The clock is ticking, so with ten minutes of the session remaining I wanted to improvise for Barbara, and Ana would play her the video.
I had my Selmer S80III tenor saxophone on this occasion, and my more ‘classical’ set up (for the pieces that I would have recorded had there been more time), a Selmer S90 170 mouthpiece, with Vandoren Optimum ligature and Vandoren Traditional strength 3 reed. When improvising I would usually be playing my Selmer Mk6 tenor sax with jazz mouthpiece and reeds, so mentally I was attempting to mould and manipulate the sound within a set up that I usually associate with more notated and dynamically contained music.

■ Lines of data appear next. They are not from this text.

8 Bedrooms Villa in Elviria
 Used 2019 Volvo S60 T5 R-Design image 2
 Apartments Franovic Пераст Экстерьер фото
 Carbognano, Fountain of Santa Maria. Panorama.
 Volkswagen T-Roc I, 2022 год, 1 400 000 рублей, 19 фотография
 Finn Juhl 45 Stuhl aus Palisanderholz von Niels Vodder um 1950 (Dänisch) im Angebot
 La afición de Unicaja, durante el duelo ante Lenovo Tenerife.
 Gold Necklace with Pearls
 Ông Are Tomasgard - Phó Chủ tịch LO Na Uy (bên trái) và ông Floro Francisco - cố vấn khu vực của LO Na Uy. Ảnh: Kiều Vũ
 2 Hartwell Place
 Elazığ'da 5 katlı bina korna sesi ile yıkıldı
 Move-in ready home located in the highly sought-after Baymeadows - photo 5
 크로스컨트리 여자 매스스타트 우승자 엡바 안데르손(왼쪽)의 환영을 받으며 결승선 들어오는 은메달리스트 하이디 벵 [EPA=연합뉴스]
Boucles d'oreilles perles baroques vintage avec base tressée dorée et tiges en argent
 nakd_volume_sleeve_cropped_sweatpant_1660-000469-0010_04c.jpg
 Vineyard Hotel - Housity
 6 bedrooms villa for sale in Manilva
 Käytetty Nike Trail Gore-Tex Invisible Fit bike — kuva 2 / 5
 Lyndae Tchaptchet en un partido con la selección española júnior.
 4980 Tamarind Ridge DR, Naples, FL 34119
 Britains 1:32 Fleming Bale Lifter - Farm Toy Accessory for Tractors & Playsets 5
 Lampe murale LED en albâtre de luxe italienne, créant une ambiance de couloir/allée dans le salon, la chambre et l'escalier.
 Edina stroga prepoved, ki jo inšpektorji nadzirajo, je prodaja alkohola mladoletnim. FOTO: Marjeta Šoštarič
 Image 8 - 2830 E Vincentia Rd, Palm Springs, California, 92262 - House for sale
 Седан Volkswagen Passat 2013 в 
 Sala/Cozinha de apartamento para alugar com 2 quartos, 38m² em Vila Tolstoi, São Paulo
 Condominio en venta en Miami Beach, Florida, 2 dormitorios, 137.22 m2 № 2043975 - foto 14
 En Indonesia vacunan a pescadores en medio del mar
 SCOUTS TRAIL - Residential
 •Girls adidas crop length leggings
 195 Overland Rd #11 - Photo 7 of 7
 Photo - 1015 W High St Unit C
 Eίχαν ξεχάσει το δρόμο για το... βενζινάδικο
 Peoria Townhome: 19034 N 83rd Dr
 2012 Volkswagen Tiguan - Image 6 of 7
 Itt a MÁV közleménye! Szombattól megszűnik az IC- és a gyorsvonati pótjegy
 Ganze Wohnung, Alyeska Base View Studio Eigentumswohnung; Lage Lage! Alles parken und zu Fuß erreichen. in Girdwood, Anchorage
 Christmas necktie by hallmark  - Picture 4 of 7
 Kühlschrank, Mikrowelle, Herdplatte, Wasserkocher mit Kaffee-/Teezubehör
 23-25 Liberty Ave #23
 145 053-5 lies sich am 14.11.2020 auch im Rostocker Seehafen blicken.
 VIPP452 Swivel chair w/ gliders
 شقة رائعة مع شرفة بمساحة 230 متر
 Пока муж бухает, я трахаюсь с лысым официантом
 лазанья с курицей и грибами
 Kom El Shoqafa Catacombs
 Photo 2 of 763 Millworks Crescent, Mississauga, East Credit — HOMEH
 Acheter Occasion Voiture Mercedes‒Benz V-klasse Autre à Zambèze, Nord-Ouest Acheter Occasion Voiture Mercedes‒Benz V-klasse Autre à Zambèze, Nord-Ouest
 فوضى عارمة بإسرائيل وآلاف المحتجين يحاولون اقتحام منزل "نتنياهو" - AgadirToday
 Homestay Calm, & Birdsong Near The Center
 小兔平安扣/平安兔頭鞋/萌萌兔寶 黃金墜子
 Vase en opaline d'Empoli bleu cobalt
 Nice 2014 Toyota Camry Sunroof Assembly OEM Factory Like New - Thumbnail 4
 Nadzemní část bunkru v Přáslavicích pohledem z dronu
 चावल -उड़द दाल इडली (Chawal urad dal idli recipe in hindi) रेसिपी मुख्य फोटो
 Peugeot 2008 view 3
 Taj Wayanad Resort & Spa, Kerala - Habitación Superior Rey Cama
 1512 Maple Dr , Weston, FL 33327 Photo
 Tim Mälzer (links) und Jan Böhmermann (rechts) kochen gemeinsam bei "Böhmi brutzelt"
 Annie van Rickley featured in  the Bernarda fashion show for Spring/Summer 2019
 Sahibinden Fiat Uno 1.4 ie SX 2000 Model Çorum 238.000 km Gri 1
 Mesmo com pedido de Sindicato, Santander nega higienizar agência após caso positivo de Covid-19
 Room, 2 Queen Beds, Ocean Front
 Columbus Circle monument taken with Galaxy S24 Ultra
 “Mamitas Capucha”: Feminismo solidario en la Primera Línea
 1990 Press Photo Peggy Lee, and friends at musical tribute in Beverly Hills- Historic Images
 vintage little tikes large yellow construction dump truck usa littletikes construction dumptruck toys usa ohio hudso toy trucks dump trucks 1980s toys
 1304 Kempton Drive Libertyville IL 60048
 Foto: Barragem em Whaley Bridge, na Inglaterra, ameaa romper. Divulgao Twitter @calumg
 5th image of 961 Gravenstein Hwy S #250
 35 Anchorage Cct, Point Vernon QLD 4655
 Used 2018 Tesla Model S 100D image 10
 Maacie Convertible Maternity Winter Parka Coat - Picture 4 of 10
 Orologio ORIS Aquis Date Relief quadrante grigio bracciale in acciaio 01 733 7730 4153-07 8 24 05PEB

Improvisation is a constant fascination for me, and the words ‘free improvisation’ I think are sometimes misleading. Over 25 years (especially with Duo partner Dave Hassell) I have developed an approach to improvisation that works for me.
As soon as I start playing, with nothing or very little pre-planned, I try and remain in the present whilst also remembering what I have played. This is the composer in me, trying to be aware of the architecture and form of a piece of music. Whilst being led by instinct and concentration, I’m hoping that my ears and technique are good enough to follow (which neither is). It’s a lot to cope with mentally, with improvisation constantly being one of the biggest musical challenges that I have faced, great when it does work out, and not the end of the world when it doesn’t simply as the challenges for me are so huge.
Whilst producing in Temple Studio for two days with wonderful friends and musicians, many memories went through my mind of great times spent with Jon and Barbara, which I didn’t have time to think about when improvising, but which must have affected the approach I imagine? I took the musical notes B & A from Barbara as my starting point, one take only.